These problems may be associated with firm attributes such as bank size, age, profitability, leverage, liquidity, ownership structure, and board characteristics. For example, larger banks may have more complex operations and greater opportunities for earnings management. Highly leveraged banks may have incentives to manipulate financial information to avoid regulatory intervention. Banks with concentrated ownership may have weaker monitoring and lower transparency. Banks with less independent boards may have weaker oversight of financial reporting. However, the relationship between firm attributes and financial information quality for listed Nigerian banks has not been systematically examined. There is a lack of recent, empirical research that identifies which firm attributes are associated with higher or lower financial information quality and the magnitude of these effects. Therefore, this study is motivated to investigate the relationship between firm attributes and financial information quality of listed deposit money banks in Nigeria.
1.3 Objectives of the Study
The specific objectives of this study are to:
- Examine the financial information quality (measured by loan loss provision timeliness, discretionary accruals, earnings persistence, and disclosure quality) of listed deposit money banks in Nigeria over the study period.
- Analyze the firm attributes (size, age, profitability, leverage, liquidity, ownership concentration, board independence, audit quality) of listed deposit money banks in Nigeria.
- Determine the relationship between firm attributes (size, age, profitability, leverage, liquidity, ownership concentration, board independence, audit quality) and financial information quality of listed deposit money banks in Nigeria.

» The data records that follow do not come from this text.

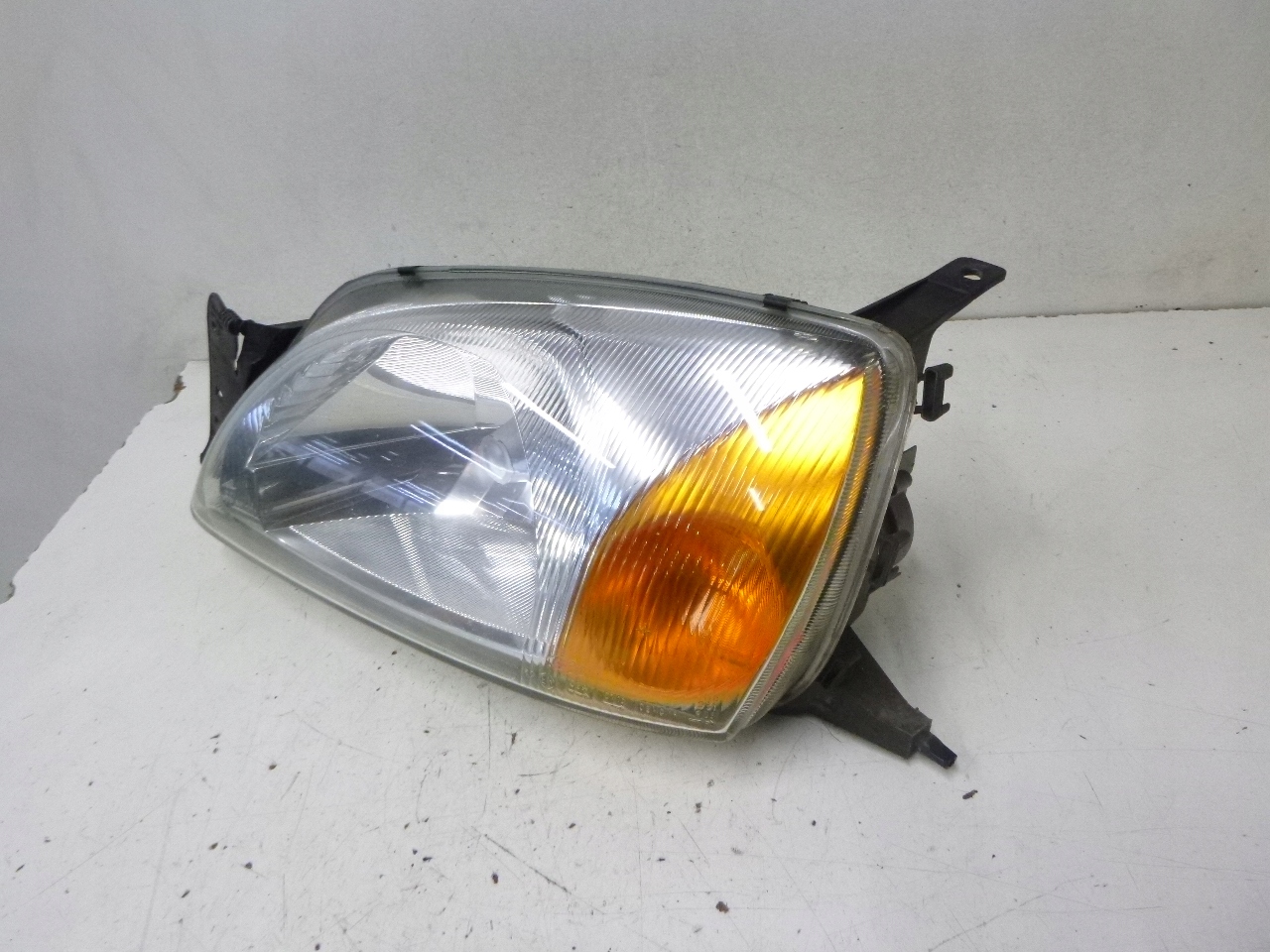 light front Ford Fiesta IV 4 Lift 2001r.
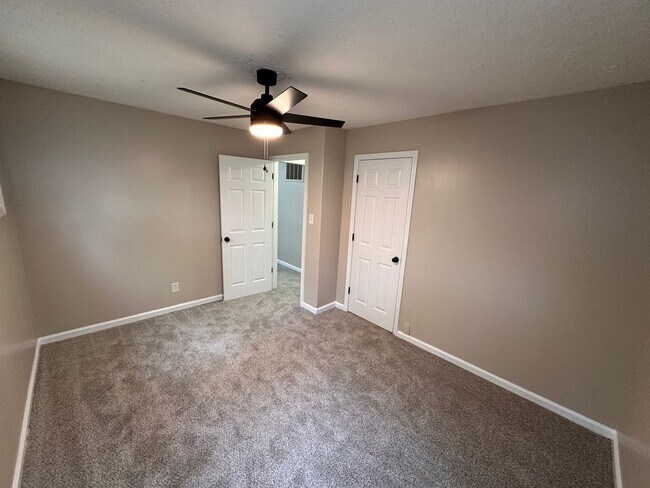 Building Photo - 4 bed 2 full bath home located in very desirable Irvington.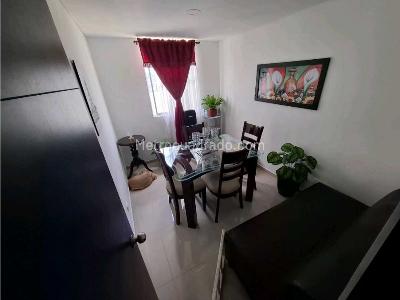Apartamento de 3 alcobas en venta en Comuna 1 Centenario, Armenia, 52 m² · foto 4 de 10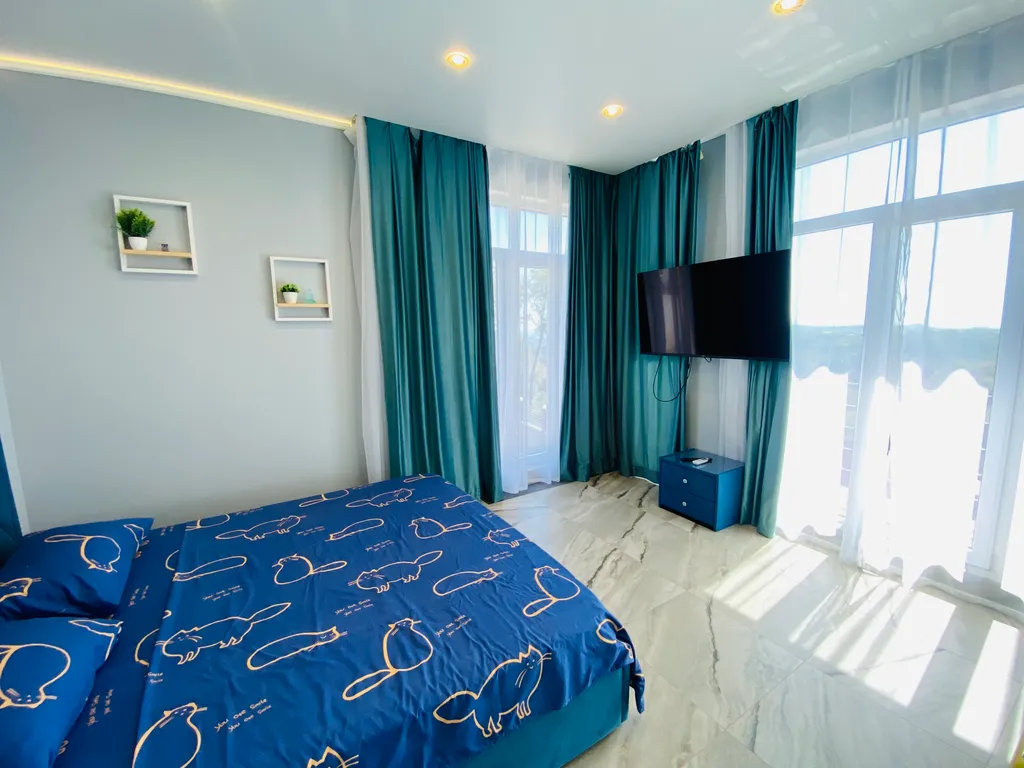 Трехэтажный коттедж с баней и бассейном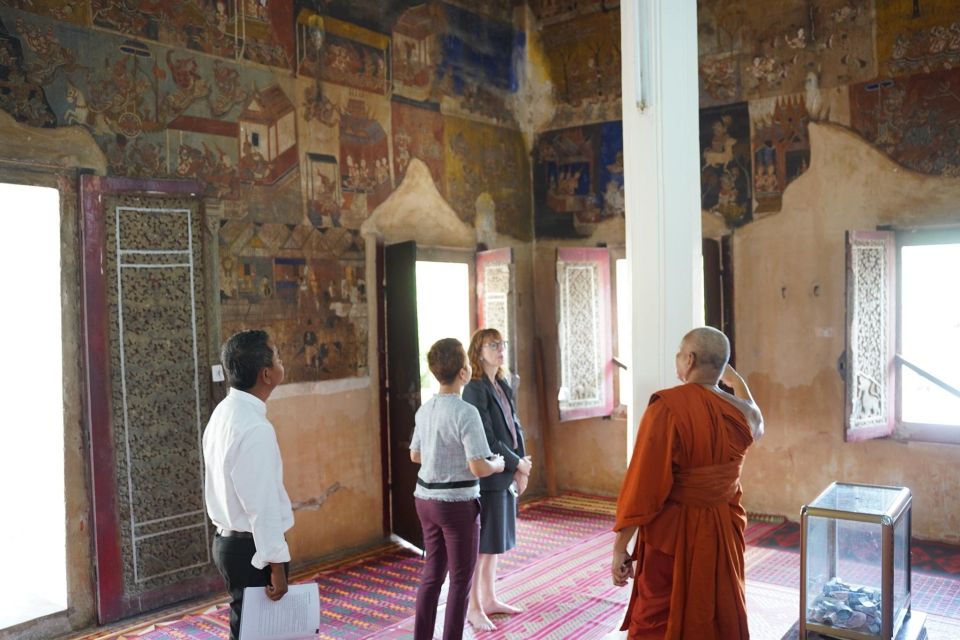 Siemreab: Oldest Pagoda Monk Blessing/ Visit Market 3h Tour - Directions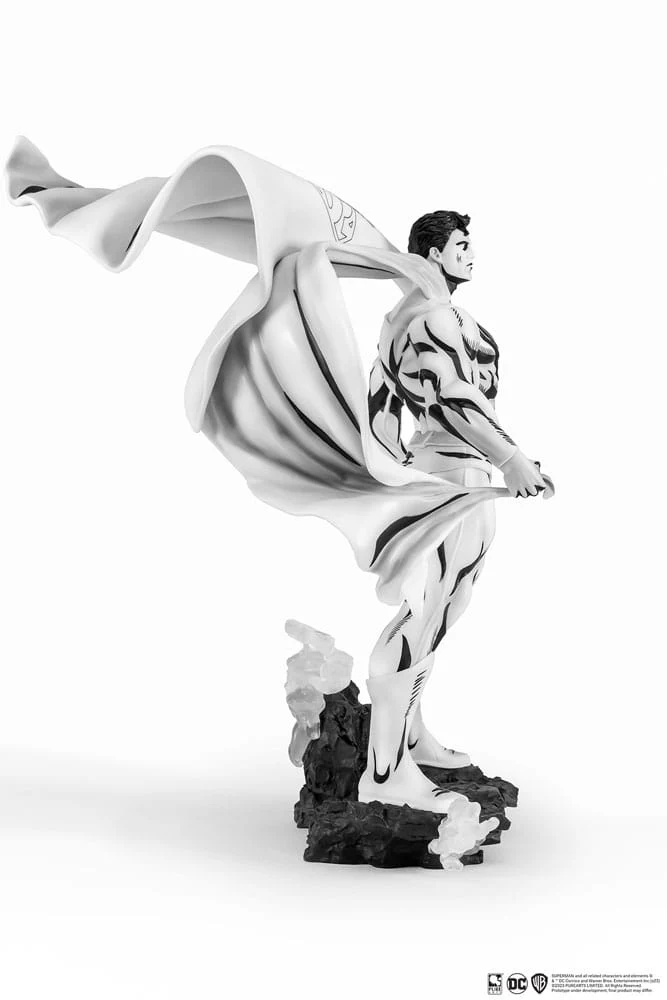 Superman Classic Black & White Version PX 1/8 Figurka 30 cm - Image 4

- Identify the specific firm attributes that are significant determinants of financial information quality for listed Nigerian banks.
- Propose recommendations for bank management, investors, auditors, and regulators on enhancing financial information quality based on firm attributes.
1.4 Hypotheses of the Study
The following hypotheses are formulated in null (H₀) and alternative (H₁) forms:
Hypothesis One
- H₀: Firm size has no significant effect on the financial information quality (loan loss provision timeliness) of listed deposit money banks in Nigeria.
- H₁: Firm size has a significant effect on the financial information quality (loan loss provision timeliness) of listed deposit money banks in Nigeria.
Hypothesis Two
- H₀: Bank age has no significant relationship with the earnings quality (discretionary accruals) of listed deposit money banks in Nigeria.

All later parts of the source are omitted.